The rest only have undertones. In many of the stories, the oppression from the community around them causes inner conflict within the characters. The way Cisneros organizes the book exposes the ways in which as a Latina girl grows into a woman experiences oppression, from not only herself, but also her culture and society. In “My Tocaya”, the main character perpetuates the oppressive culture by judging the girl Patricia Benavidez. Patricia skipped a few grades and the community around her oversexualized her because of the clothes she was wearing.
She hated working for her father, and even if he was “mean”, the narrator and the community still looked down on her because she was rejecting the cultural norm. The narrator even makes excuses for the “mean” dad by putting down Patricia for how she dresses, shaming the girl for expressing herself (36). The church’s “primary function” is to repress the young girl’s sexuality in the way that they shame the girls and keeping the youth separated, because they worry about their “emerging sexuality” (Groover).

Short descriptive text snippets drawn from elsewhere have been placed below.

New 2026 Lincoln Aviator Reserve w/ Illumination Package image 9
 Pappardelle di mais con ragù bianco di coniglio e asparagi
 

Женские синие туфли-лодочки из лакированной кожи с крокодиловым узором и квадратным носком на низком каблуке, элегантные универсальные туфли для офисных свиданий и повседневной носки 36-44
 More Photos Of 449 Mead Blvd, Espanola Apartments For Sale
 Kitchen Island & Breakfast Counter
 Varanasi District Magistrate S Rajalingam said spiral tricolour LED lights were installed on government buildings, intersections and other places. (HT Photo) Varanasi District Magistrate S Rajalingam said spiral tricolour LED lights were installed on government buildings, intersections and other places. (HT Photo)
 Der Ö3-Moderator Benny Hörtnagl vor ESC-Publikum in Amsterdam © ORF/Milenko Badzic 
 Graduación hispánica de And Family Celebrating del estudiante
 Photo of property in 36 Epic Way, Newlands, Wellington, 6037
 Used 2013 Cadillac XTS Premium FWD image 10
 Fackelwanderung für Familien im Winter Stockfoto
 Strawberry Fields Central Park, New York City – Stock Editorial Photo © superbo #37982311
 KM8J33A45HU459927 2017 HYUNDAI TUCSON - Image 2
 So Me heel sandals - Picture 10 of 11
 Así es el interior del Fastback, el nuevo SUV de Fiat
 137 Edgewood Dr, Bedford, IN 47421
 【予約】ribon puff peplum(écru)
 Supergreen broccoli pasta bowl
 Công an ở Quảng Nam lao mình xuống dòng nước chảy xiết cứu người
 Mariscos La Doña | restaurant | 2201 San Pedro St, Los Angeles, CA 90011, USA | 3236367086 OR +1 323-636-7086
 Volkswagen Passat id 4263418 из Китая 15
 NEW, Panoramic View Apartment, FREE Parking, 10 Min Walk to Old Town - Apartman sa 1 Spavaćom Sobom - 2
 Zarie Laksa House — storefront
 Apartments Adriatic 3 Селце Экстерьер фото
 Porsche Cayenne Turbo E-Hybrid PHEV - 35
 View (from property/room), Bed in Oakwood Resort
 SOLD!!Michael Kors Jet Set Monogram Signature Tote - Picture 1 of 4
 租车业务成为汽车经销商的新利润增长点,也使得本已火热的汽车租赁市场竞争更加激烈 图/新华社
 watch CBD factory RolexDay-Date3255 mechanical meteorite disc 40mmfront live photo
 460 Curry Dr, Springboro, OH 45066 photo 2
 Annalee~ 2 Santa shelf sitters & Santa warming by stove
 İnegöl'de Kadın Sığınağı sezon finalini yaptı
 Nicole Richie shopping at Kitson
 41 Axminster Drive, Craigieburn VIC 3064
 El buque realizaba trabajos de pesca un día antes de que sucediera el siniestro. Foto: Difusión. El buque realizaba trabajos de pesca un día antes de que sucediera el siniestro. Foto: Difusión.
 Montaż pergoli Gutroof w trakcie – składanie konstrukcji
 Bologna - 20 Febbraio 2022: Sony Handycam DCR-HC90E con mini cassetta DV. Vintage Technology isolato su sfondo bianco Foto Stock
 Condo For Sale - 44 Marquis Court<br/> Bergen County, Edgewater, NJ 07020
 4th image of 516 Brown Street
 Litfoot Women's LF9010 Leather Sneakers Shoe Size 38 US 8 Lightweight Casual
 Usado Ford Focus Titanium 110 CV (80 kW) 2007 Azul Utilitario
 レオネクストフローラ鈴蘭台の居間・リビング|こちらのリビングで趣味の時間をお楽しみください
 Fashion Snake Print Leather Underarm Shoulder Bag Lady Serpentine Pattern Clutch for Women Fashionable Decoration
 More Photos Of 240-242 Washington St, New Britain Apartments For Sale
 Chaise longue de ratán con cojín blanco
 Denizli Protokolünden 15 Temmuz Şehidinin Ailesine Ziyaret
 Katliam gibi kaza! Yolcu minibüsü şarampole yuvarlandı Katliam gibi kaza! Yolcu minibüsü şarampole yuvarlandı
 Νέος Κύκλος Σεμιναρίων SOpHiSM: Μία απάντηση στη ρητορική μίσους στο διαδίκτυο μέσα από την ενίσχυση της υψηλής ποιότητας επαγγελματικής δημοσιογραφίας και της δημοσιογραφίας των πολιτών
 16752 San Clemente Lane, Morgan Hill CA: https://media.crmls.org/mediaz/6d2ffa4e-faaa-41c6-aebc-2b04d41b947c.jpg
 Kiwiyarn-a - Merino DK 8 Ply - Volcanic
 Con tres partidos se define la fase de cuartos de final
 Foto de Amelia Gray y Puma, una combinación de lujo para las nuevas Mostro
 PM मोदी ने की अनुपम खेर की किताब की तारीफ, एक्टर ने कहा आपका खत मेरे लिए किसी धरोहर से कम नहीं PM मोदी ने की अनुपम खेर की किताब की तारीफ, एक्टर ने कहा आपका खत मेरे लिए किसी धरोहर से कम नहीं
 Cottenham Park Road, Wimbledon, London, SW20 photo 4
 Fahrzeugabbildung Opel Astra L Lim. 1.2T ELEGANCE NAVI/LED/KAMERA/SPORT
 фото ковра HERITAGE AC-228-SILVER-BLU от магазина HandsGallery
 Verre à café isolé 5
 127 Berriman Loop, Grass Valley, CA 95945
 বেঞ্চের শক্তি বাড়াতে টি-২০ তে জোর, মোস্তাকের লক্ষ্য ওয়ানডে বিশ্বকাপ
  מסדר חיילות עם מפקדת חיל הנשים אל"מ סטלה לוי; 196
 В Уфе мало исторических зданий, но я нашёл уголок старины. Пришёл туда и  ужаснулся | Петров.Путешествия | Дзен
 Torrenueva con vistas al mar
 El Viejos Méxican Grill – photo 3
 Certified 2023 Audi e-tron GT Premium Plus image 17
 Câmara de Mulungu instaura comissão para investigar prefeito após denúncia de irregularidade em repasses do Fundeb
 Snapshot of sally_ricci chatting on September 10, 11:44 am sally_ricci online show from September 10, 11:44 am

It is especially shown when “Trish” disappears and the only way she gets attention and praise from her community is when it is believed that something bad has happened to her. She is believed dead. This exposes the underlying oppression of these women, whether they know it or not, “being a victim is one of the few ways for a woman to get any attention. ” (Thomson). Despite the fact Trish ran away for three days and is believed to be dead, the narrator glosses over the fact that another girl’s body was found, and continues to shame Trish, saying, “She couldn’t even die right” (40).
The way Cisneros presents it in the narrator’s dialogue makes the reader gloss over it at first too, until the reader is reminded by the narrator that another girls face is in the papers, showing “the stories of girls and women found naked in ditches are all too familiar” (Thomson). Patricia running away from her father’s business “challenges” the exploitation of her father and establishes a “momentary definition for herself” (Lewis). She is rejecting the patriarchal home that she lives in, until a few kids find a girl’s body in a ditch and her father claims it as hers.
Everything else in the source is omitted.